Relato da socióloga Marise Egger-Moellwald emociona Comissão da Verdade

Ela conviveu com o dia a dia da favela do Buraco Quente, em São Paulo, onde conheceu a realidade social concreta. Ao ser presa por agentes da ditadura, deixou os filhos aos cuidados de uma moradora da comunidade

Marise Egger-Moellwald mostra em audiência pública na Assembleia Legislativa o livro que escreveu, “Luta, Substantivo Feminino” (Foto: Divulgação/Comissão da Verdade)

São Paulo – A Comissão da Verdade do Estado de São Paulo “Rubens Paiva”, da Assembleia Legislativa, ouviu hoje (3) a socióloga Marise Egger-Moellwald, autora do livro Luta, Substantivo Feminino. Ela tem uma história peculiar. Filha de refugiados austríacos vítimas da Segunda Guerra Mundial, filiada ao Partido Comunista Brasileiro em 1975, Marise conviveu intimamente com os moradores da favela do Buraco Quente (zona sul de São Paulo), onde entrou em contato com a realidade social, a ausência do Estado, as carências dos serviços públicos e os dados concretos da vida das pessoas mais pobres que as teorias não mostravam. 

Marise foi presa em 23 de outubro de 1975. Sua relação com a comunidade da favela era tão forte na época que deixou seus filhos sob os cuidados de uma das moradoras do Buraco Quente quando foi presa no DOI-Codi, um dos principais centros de tortura do país. 

“Foi um depoimento muito emocionante, trouxe informações importantes acerca do histórico dela, e Marise reforçou uma posição da comissão, que é apontar para um caminho, no sentido de não se perdoar quem torturou”, diz o deputado João Paulo Rillo (PT), que coordenou a audiência pública em substituição ao titular Adriano Diogo (PT). Segundo Rillo, o depoimento de Marise se destaca por vários motivos. Por exemplo, ela falar de um momento que coincide com o período marcado pela morte de Vladimir Herzog.

“Embora ela estivesse encapuzada nas sessões de tortura, é possível apurar (a partir do depoimento na CPI) qual era a equipe que estava trabalhando, os militares que passaram pelo Dops naquele momento. Agora temos que avançar para isso, para revelar os torturadores”, diz Rillo. No depoimento, Marise procurou não entrar em detalhes sobre as torturas que sofreu. Porém, deixou claro que as mulheres presas sofriam abusos sexuais frequentemente.

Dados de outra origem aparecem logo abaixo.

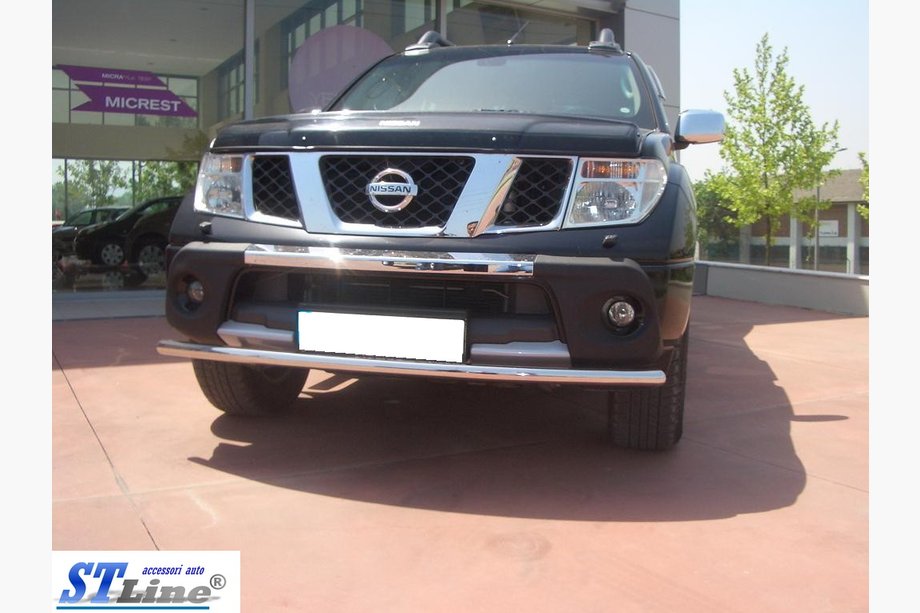 Nissan Navara 2006–2015 Přední ochranný rám ST008 (nerez) Fotografie 3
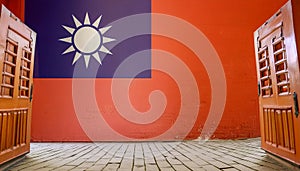 Taiwan Flag. The National Flag of Taiwan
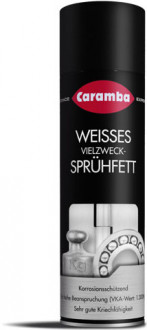 Грязеоталкивающая белая смазка Caramba Hochleistungs Weisses Sprühfett, аэрозоль, 500мл.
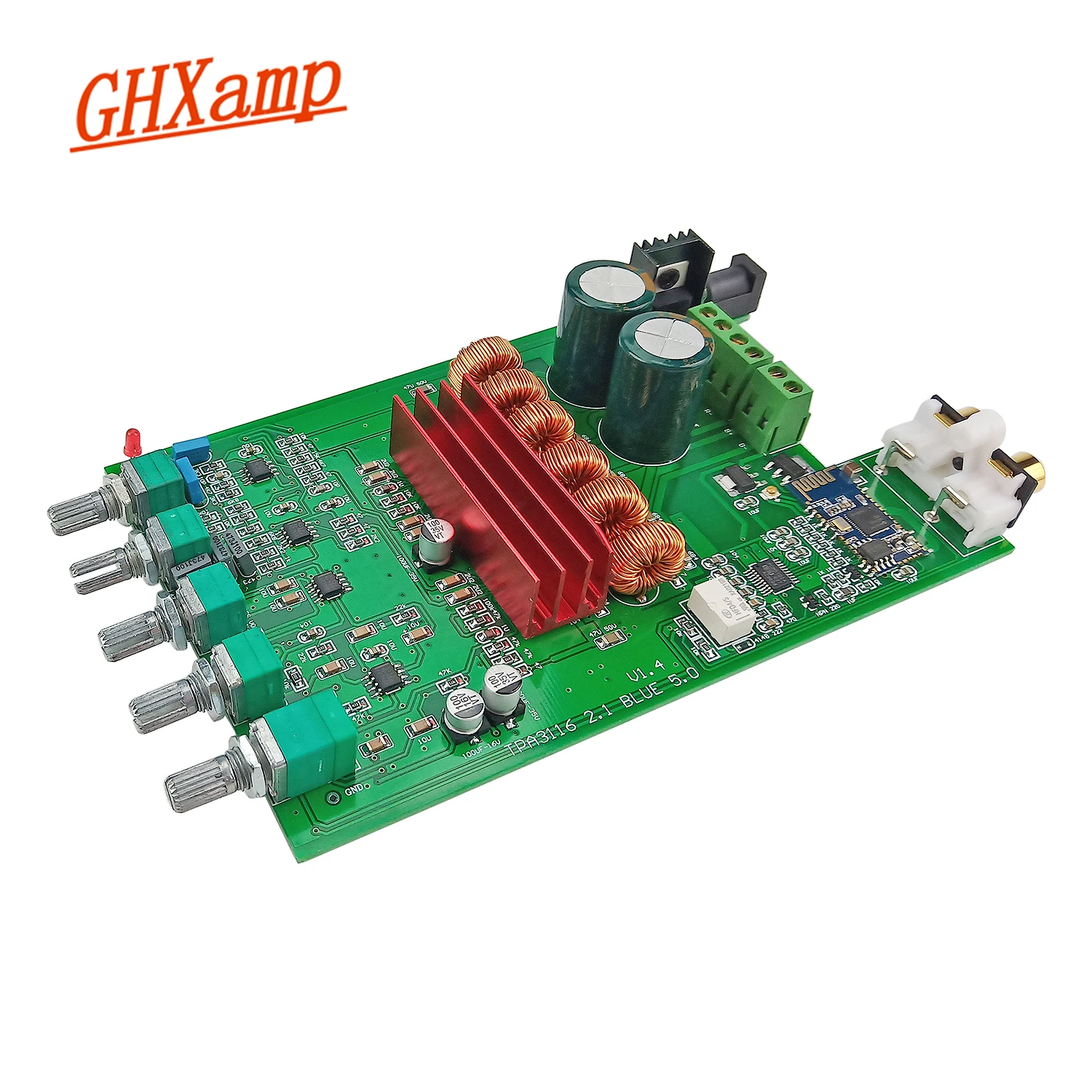 Цифровой усилитель мощности GHXAMP 2 1 TPA3116 Bluetooth 5 0 APTX HD 50 Вт * + 100 сабвуфер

Mesmo destacando aspectos do depoimento de Marise Egger-Moellwald, João Paulo Rillo afirma que não se pode dizer que um depoimento seja mais importante do que outros. “O conjunto de coisas é o mais importante, não só um depoimento.” Para ele, a comissão faz “um trabalho histórico e a importância desse trabalho é mais estrutural do que pontual, dos depoimentos em si, por mais importantes que sejam. Todos os depoimentos são reveladores na medida em que os depoentes não tiveram outro foro para fazê-lo”, avalia o petista. 

A Comissão da Verdade estadual realiza amanhã (4), às 9h30, no auditório Teotônio Vilela, uma nova audiência, com o tema “Trabalhadores que resistiram à ditadura”. São esperados representantes de CUT, CSP-Conlutas, CTB, UGT e Associação dos Metalúrgicos Anistiados do ABC, entre outras entidades.

Rillo destaca duas audiências públicas previstas para breve, uma trazendo jovens filhos de torturados e, em alguns casos, o depoimento dos próprios filhos que sofreram os métodos da ditadura. Este evento está previsto para ocupar uma semana na Assembleia, de 6 a 10 de maio próximos. A outra, com militares que resistiram e não aderiram à metodologia de tortura, ainda não tem data confirmada, devido à agenda dos depoentes.